The Kenya Revenue Authority (KRA) is seeking partnerships with counties with the aim of growing collections through enhancing, commissioner of domestic tax Benson Korongo has said.
The collaboration would also optimise the regional governments’ revenue sources – largely property rates, land rent, single Business Permits and entertainment fees.
It will start with a few counties whose revenue collections are impressive.
KRA-owned Kenya School of Revenue Administration has developed a curriculum for training county revenue staff.
Mr Korongo says there is a need for the counties to integrate revenue collection systems with those of other national government agencies.

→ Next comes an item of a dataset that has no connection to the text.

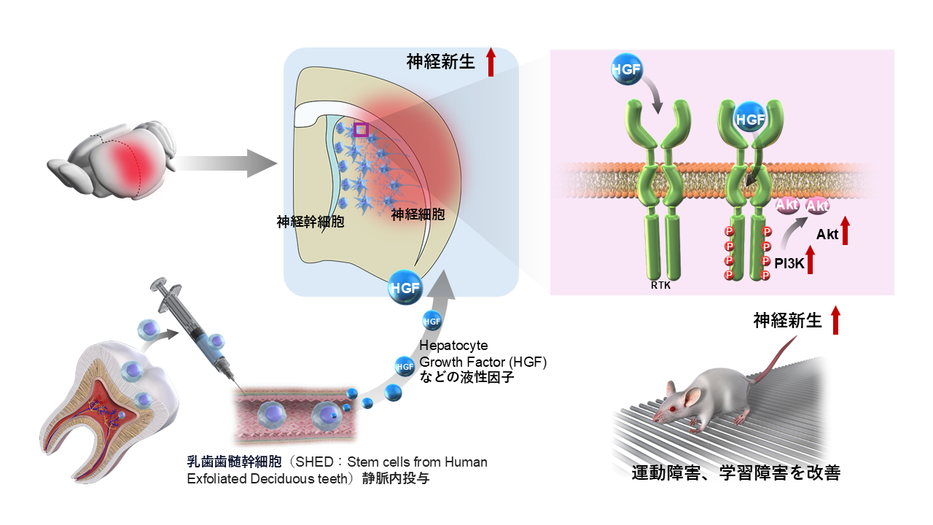 脳性麻痺慢性期に対する ヒト乳歯歯髄幹細胞（SHED）の静脈内投与の治療有効性評価 ～治療が困難とされてきた慢性期脳障害に新たな希望を～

“This will facilitate counter checking taxpayer profiles against information held in other databases,” he told the three-day third Annual Tax Summit which ended in Nairobi on Friday.
The Treasury has recommended six counties to design a contract with the KRA to collect revenue on their behalf.
These counties in Draft National Policy to Support Enhancement of County Governments Own-Source Revenue are Nairobi, Mombasa, Kisumu, Nakuru, Kiambu, Narok, Machakos and Nyeri.
“It would be easier for the KRA to collect revenue from more urbanised counties with large formal sectors; this would allow KRA to fully apply its professional skills, personnel and technical resources,” the Treasury says in the draft report.
Kiambu has a Memorandum of Understanding with the tax agency to collect property rates, land rent and single business permits, while Narok still collects park entry fees through KAPS, a private firm.